Use the flash code to debug. It is displayed in the peer variables list and shows the results of the original sanity checks defined in the NTP specification RFC 1305 and additional ones added in NTPv4. There are 12 tests, designated as TEST1 through TEST12, that perform in a certain order designed to gain maximum diagnostic information while protecting against accidental or malicious errors. The flash variable is initialized to zero as each packet is received. If, after each set of tests, one or more bits are set, the packet is discarded. Use these tests for the following tasks:

TEST1 through TEST3
Check the packet timestamps from which the offset and delay are calculated. If any bits are set, the packet is discarded; otherwise, the packet header variables are saved.
Use for access control and cryptographic authentication. If any bits are set, the packet is discarded immediately and nothing is changed.
TEST6 through TEST8
Check the health of the server. If any bits are set, the packet is discarded; otherwise, the offset and delay relative to the server are calculated and saved.
Check the health of the association itself. If any bits are set, the packet is discarded. Otherwise, the saved variables are passed to the clock filter and mitigation algorithms.
TEST10 through TEST12
Check the authentication state using Autokey public-key cryptography. If any bits are set and the association has previously been marked reachable, the packet is discarded; otherwise, the originate and receive timestamps are saved, as required by the NTP protocol, and processing continues.
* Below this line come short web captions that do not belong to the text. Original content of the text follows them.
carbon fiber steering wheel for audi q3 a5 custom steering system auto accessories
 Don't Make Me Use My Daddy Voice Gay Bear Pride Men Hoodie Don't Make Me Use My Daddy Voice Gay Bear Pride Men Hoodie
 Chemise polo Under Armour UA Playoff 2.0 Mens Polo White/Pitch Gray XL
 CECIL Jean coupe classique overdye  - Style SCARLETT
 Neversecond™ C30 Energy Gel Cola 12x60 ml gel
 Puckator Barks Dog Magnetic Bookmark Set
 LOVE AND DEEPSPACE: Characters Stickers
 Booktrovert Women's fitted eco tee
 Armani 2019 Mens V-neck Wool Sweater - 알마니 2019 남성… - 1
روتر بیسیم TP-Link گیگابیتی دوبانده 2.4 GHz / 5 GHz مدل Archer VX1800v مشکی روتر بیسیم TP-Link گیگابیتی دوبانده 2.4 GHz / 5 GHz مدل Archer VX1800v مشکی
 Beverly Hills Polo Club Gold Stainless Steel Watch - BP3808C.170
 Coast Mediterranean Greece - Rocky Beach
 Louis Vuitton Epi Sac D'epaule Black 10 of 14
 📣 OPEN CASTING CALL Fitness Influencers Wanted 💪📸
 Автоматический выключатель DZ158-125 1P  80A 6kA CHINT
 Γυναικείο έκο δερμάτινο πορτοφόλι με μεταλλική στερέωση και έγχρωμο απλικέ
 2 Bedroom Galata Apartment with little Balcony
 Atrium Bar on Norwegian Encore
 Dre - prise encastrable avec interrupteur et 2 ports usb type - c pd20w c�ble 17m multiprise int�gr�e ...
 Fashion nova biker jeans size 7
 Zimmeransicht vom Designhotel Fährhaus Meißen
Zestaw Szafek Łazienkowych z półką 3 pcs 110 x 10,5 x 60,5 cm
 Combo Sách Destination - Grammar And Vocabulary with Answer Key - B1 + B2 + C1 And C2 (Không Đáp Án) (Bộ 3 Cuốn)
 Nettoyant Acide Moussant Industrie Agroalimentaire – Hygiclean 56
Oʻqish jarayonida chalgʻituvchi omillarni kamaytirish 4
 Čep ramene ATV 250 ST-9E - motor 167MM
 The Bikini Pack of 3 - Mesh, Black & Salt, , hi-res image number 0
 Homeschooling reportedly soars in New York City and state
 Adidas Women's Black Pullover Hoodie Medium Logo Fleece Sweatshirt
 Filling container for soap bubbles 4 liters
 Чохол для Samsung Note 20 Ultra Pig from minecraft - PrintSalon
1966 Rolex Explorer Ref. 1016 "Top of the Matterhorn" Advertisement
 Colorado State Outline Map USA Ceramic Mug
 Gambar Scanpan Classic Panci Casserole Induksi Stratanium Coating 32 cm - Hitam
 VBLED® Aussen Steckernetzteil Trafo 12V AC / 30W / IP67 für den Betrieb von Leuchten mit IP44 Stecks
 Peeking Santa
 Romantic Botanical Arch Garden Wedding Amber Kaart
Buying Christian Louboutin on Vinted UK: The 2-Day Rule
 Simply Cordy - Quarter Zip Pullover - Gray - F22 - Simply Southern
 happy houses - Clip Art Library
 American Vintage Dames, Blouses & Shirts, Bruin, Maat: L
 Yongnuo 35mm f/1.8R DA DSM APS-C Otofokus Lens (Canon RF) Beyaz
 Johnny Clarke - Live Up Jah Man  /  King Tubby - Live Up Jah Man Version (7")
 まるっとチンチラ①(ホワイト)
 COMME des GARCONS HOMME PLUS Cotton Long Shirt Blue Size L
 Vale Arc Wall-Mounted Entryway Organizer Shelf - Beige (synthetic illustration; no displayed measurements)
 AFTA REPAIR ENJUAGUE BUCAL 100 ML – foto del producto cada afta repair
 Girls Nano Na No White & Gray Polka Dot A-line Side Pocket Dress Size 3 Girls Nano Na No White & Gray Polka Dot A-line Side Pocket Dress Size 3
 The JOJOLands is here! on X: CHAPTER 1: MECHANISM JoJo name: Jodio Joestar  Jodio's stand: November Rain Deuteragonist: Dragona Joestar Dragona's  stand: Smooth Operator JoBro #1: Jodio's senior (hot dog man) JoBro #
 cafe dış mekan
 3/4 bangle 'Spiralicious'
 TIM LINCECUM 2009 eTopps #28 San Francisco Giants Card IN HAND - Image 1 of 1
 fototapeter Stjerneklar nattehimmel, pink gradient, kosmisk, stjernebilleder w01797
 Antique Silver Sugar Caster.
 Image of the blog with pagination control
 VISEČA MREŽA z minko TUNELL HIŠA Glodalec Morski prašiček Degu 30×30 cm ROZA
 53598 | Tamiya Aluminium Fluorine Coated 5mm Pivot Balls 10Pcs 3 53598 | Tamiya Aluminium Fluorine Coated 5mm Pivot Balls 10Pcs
The flash bits for each test are defined as follows:

0x001 TEST1
Duplicate packet. The packet is at best a casual retransmission and at worst a malicious reply.
0x002 TEST2
Bogus packet. The packet is not a reply to a message previously sent. This can happen when the NTP daemon is restarted before somebody else notices.
0x004 TEST3
Unsynchronized. One or more timestamp fields are invalid. This normally happens when the first packet from a peer is received.
0x008 TEST4
Access is denied.
0x010 TEST5
Failure of cryptographic authentication.
Server is unsynchronized. Wind up its clock first.
0x040 TEST7
Server stratum is at the maximum of 15. It is probably unsynchronized and its clock needs to be wound up.
0x080 TEST8
Root delay or dispersion is greater than one second, which is highly unlikely unless the peer is unsynchronized.
0x100 TEST9
Peer delay or dispersion is greater than one second, which is highly unlikely.
0x200 TEST10
Autokey protocol has detected an authentication failure.
0x400 TEST11
Autokey protocol has not verified the server or peer.
0x800 TEST12
A protocol or configuration error has occurred in the public key algorithms or a possible intrusion event has been detected.


The peers command is nonatomic and may occasionally result in spurious error messages about invalid associations. Also, you wait a long time for timeouts, because the timeout time is a fixed constant, and it assumes the worst-case scenario. In addition, the program doesn't estimate timeout as it sends queries to a particular host.